- [AVAILABLE RECORDS]
^^^^^^^^^^^^^^^^
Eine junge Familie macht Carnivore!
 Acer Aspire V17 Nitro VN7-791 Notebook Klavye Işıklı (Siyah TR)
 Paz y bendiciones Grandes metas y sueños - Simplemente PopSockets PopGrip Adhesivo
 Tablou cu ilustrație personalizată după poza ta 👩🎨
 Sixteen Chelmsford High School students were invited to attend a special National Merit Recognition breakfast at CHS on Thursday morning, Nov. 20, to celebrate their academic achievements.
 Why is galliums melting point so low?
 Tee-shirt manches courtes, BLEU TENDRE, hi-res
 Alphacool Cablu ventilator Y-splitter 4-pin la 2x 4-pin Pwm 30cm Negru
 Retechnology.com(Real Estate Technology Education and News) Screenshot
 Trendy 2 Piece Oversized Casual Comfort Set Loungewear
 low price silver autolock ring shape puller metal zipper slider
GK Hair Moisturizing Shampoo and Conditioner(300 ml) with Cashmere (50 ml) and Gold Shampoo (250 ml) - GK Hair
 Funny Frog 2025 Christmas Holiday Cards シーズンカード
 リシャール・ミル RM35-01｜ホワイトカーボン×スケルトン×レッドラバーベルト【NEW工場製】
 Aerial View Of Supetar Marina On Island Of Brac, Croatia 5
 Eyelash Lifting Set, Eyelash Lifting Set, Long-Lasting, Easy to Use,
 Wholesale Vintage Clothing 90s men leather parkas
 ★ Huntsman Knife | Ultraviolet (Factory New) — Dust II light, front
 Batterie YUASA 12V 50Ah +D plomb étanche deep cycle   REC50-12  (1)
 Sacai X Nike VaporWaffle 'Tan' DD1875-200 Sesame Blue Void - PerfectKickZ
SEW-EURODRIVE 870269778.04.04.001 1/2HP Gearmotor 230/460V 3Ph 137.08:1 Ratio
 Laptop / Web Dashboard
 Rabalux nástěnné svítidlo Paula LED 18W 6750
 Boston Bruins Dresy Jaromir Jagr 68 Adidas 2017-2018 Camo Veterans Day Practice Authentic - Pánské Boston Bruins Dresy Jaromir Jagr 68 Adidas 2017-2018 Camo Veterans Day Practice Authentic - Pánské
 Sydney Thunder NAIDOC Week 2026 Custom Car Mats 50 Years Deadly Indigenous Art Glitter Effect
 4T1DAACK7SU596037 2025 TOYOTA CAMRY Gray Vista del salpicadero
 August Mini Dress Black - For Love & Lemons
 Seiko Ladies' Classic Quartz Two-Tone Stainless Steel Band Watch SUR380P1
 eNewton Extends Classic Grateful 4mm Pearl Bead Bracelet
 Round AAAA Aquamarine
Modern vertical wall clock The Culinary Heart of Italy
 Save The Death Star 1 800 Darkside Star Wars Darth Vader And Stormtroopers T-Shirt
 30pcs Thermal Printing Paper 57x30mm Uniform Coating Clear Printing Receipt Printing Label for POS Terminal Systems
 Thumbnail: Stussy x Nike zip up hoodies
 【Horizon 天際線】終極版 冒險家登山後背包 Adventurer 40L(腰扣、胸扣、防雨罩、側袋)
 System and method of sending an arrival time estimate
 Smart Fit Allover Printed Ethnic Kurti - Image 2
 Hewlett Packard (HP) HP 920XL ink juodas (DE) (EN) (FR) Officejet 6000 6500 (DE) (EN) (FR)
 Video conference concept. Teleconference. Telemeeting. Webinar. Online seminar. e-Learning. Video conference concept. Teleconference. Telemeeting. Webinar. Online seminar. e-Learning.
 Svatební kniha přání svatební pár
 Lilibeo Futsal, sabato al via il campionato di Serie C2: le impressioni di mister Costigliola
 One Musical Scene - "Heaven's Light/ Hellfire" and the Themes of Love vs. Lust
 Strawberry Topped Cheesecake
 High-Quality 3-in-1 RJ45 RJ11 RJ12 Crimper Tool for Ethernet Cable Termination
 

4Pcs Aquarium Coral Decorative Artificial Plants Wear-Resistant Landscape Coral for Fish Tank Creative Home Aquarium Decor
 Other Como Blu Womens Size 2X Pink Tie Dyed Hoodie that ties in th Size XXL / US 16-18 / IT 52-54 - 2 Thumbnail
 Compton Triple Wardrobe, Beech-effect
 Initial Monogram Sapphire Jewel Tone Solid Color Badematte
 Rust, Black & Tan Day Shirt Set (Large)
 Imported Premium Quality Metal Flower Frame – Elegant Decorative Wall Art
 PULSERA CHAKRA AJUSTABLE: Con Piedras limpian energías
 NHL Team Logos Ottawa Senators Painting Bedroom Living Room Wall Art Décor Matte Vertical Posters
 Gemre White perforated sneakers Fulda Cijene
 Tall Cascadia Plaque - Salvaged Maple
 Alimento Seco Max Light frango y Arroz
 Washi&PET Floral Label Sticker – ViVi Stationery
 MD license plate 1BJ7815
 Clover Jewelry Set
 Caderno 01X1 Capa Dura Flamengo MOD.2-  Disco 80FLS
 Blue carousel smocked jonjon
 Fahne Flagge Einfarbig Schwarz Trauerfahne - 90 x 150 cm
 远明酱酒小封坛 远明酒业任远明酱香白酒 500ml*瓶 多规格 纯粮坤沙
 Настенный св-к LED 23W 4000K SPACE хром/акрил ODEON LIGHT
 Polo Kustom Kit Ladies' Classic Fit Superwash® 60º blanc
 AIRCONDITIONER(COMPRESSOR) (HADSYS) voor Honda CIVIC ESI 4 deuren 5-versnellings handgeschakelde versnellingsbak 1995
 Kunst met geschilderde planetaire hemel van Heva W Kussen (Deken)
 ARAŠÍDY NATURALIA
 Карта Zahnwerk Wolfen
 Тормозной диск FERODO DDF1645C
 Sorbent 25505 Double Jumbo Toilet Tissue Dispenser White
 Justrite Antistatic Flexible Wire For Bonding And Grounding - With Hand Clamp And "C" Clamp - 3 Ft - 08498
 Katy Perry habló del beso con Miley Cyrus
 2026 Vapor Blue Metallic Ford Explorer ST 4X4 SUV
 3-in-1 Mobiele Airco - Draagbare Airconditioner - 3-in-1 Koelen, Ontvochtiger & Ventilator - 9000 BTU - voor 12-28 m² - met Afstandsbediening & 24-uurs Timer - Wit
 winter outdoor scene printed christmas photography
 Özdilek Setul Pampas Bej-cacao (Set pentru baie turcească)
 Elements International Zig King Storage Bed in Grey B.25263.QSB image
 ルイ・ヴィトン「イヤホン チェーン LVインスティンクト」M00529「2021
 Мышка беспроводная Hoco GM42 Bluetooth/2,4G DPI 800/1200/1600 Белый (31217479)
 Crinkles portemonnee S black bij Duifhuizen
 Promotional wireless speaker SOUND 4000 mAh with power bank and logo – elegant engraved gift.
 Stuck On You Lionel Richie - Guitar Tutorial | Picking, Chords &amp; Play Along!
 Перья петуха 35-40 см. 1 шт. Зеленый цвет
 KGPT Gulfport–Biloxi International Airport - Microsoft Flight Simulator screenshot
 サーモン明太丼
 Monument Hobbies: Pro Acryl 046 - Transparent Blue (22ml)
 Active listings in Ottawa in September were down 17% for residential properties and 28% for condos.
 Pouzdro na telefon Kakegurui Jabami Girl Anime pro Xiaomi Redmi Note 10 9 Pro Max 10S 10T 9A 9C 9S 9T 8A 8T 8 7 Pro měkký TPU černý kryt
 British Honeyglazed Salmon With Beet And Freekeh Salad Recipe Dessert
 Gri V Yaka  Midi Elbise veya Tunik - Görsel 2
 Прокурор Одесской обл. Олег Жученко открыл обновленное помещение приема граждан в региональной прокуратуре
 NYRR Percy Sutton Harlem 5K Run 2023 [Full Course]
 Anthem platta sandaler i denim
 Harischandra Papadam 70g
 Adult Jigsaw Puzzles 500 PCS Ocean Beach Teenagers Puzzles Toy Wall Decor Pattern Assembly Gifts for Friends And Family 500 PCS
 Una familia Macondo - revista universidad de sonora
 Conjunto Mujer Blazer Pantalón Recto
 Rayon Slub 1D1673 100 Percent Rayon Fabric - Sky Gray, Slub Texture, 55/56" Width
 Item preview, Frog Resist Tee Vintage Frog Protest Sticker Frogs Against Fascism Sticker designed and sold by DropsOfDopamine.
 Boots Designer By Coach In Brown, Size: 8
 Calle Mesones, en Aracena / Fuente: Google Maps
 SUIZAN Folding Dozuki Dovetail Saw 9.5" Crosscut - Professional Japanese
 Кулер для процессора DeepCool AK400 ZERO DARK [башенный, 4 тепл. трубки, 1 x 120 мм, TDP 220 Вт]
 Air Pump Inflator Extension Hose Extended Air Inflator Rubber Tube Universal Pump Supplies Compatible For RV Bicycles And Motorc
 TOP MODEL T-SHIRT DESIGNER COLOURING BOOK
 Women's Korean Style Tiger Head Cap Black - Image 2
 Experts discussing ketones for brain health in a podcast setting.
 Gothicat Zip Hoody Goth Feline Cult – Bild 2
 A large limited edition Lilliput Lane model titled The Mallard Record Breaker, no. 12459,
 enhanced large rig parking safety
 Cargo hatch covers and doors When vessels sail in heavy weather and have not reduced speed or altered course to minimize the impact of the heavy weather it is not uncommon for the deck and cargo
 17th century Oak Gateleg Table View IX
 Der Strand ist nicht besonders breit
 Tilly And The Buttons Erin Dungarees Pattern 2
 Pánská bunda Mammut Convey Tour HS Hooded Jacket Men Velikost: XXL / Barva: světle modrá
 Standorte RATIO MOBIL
^^^^^^^^^^^^^^^^
- [EXERCISE DIRECTIONS]
Go through the entries and copy every line with "White".

- [RESPONSE BELOW]
 Gemre White perforated sneakers Fulda Cijene
 Sorbent 25505 Double Jumbo Toilet Tissue Dispenser White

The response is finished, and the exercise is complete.